Well, now I have no schedule, so I’m attending three or four of these things a week. Which, again, this isn’t the part I’m complaining about– it’s fine, I’ll trade extra IEP meetings for the fact that I haven’t had to tell anyone to sit down and do their work for a month. I am absolutely coming out ahead here.
So this particular kid is a good kid. He tries, most of the time, and while I do need to keep an eye on him and encourage him to do his work once or twice a period he’s a sweet kid and he’s not a discipline issue, which means I’ll break my back for him if I need to. He’s a 504 kid, not on an IEP, and the 504 is for ADHD, and honestly he’s a pretty mild case– I have 7-8 kids in every class with a higher degree of ADHD than Sean (not his real name) does. So I’m expecting this meeting to go pretty smoothly, honestly. He gets all the accommodations he’s supposed to so there shouldn’t be any problem. I am, however, planning on bringing up the fact that he’s currently failing my class– and I suspect I’m going to find out that internet access is an issue, which will lead to me figuring out some other way for the kid to get his assignments to me.

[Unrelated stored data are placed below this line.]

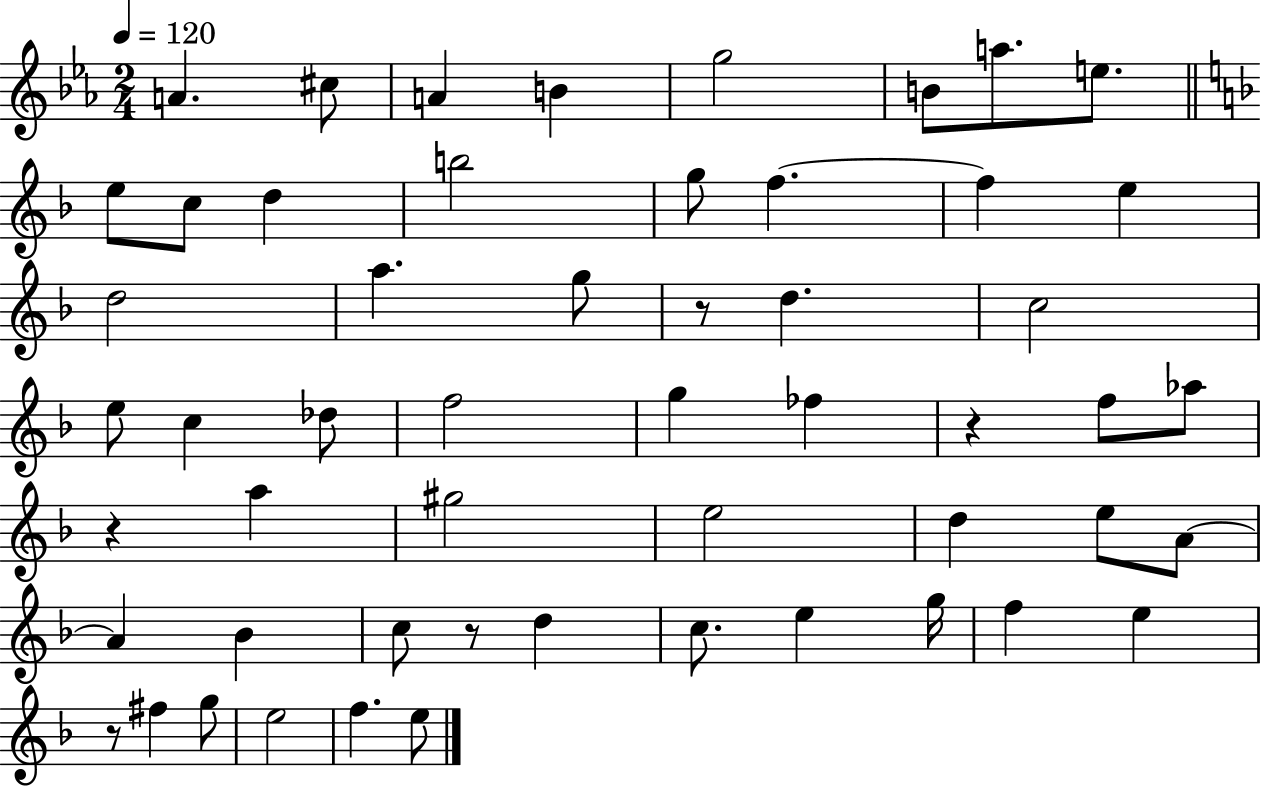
{
  \clef treble
  \numericTimeSignature
  \time 2/4
  \key ees \major
  \tempo 4 = 120
  a'4. cis''8 | a'4 b'4 | g''2 | b'8 a''8. e''8. | \break \bar "||" \break \key d \minor e''8 c''8 d''4 | b''2 | g''8 f''4.~~ | f''4 e''4 | \break d''2 | a''4. g''8 | r8 d''4. | c''2 | \break e''8 c''4 des''8 | f''2 | g''4 fes''4 | r4 f''8 aes''8 | \break r4 a''4 | gis''2 | e''2 | d''4 e''8 a'8~~ | \break a'4 bes'4 | c''8 r8 d''4 | c''8. e''4 g''16 | f''4 e''4 | \break r8 fis''4 g''8 | e''2 | f''4. e''8 | \bar "|."
}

It’s kind of weird, then, when Grandma starts off the conference by complaining about Sean’s little sister, Shauna, and how she can’t believe that her grandkids have just been “passed along” all this time when they can’t do any math. She said that Shauna had no idea how to do yesterday’s assignment and she had to sit down with her forever to get it done.
I, uh, am also Shauna’s math teacher. Now, she has two, so I double-check to make sure I know what assignment Grandma is talking about, and yep– it’s mine. Which is review. Of averages.

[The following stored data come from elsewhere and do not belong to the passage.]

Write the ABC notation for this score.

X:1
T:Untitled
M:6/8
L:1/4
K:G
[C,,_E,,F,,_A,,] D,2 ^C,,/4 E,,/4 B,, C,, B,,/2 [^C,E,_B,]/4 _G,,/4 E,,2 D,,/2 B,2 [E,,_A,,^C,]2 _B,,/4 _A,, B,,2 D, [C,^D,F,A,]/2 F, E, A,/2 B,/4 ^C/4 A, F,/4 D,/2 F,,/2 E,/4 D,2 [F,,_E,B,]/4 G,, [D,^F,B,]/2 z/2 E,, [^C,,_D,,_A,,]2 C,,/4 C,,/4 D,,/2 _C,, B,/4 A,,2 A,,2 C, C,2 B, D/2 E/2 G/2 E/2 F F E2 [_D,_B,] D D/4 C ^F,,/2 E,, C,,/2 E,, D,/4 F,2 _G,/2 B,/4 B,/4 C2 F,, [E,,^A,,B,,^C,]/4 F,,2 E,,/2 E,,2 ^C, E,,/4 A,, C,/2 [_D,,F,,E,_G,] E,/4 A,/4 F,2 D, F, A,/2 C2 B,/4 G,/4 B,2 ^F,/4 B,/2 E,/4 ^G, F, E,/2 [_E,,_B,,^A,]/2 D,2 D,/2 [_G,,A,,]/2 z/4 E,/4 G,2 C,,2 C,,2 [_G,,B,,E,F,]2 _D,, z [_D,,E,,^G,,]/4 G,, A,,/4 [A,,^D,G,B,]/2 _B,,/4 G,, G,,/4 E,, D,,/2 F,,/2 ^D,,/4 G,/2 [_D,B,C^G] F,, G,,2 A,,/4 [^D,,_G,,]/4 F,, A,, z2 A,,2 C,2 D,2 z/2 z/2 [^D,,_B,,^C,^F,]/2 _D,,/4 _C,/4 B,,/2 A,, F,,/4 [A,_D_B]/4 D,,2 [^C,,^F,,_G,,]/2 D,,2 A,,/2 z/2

There is an instructional video and two different written reviews of how to average numbers appended to the assignment. I ask if Shauna watched or read either of them.
“I don’t think so.”
(Note that Sean hasn’t done the assignment. He has the same thing.)
Hm. That’s interesting. Perhaps she should take advantage of some of my attempts to teach her the material before complaining that she hasn’t seen it before? Because surely the seventh month of seventh grade is the first time she’s ever seen this material before; averages aren’t covered anywhere before seventh grade, right?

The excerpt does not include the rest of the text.